# TASK TO CARRY OUT
Make an exact copy of the lines from the top of the entries below through the line with "Perempuan sedang duduk di alam terbuka". Leave all pictures out.

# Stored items
══════════════════════════════

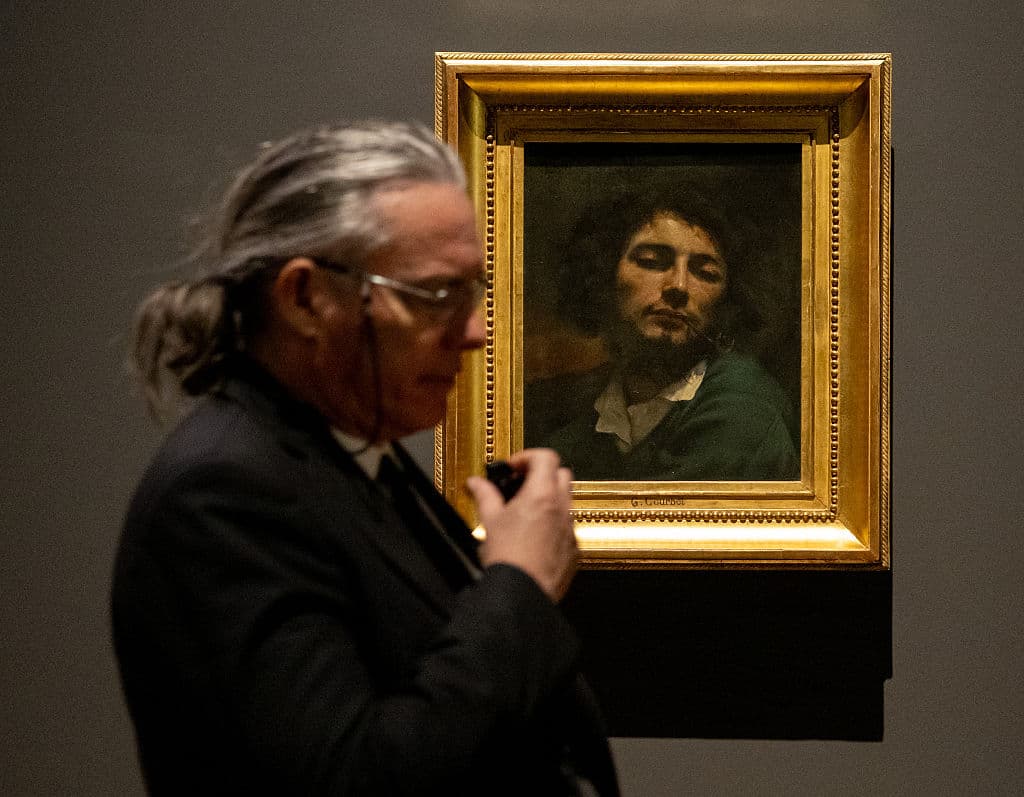 A security man walks past the self-portrait of the French painter Gustave Courbet, "Man with a Pipe," during the opening of the first solo exhibition dedicated to Gustave Courbet (1819-1877) at the Leopold Museum in Vienna, Austria on Feb. 18, 2026. (Joe Klamar/AFP via Getty Images)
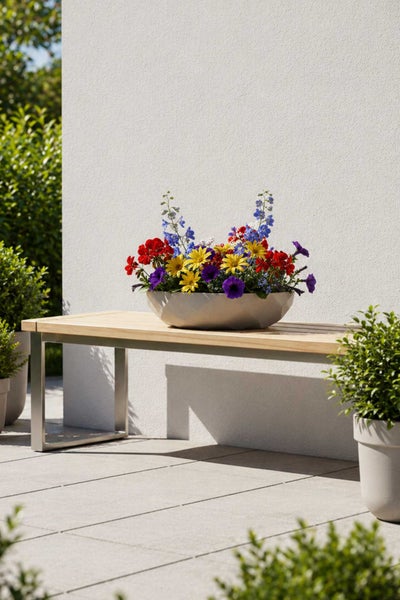 Bunte Blumenschale mit verschiedenen Sommerblumen auf einer modernen Gartenbank aus Holz und Metall.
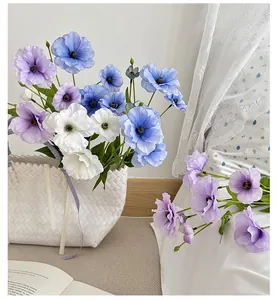 Close-up of artificial poppy flower arrangement in blue and purple tones in a basket
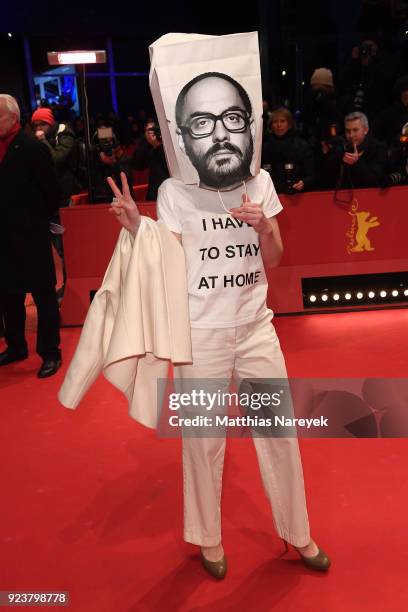 Franziska Petri wears a bag on her head with a picture of Russian director Kirill Serebrennikov on it during the closing ceremony during the 68th...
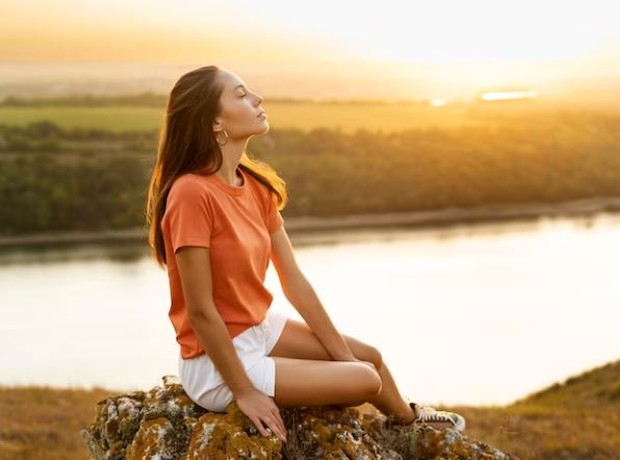 Perempuan sedang duduk di alam terbuka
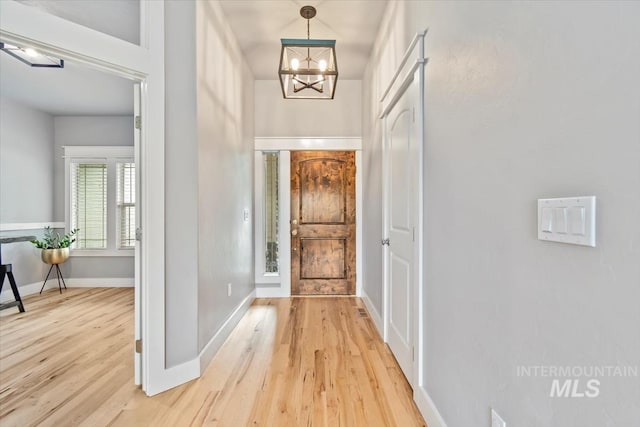 12231 W Caribee Inlet Dr, Star, ID 83669 - foyer featuring a chandelier and light wood-style flooring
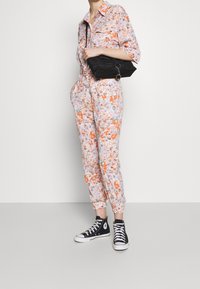 Monos de flores en colores pastel con acentos naranjas, bolsillos grandes y tobillos remangados, combinados con zapatillas negras de caña alta.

══════════════════════════════

# TASK SOLUTION
 A security man walks past the self-portrait of the French painter Gustave Courbet, "Man with a Pipe," during the opening of the first solo exhibition dedicated to Gustave Courbet (1819-1877) at the Leopold Museum in Vienna, Austria on Feb. 18, 2026. (Joe Klamar/AFP via Getty Images)
 Bunte Blumenschale mit verschiedenen Sommerblumen auf einer modernen Gartenbank aus Holz und Metall.
 Close-up of artificial poppy flower arrangement in blue and purple tones in a basket
 Franziska Petri wears a bag on her head with a picture of Russian director Kirill Serebrennikov on it during the closing ceremony during the 68th...
 Perempuan sedang duduk di alam terbuka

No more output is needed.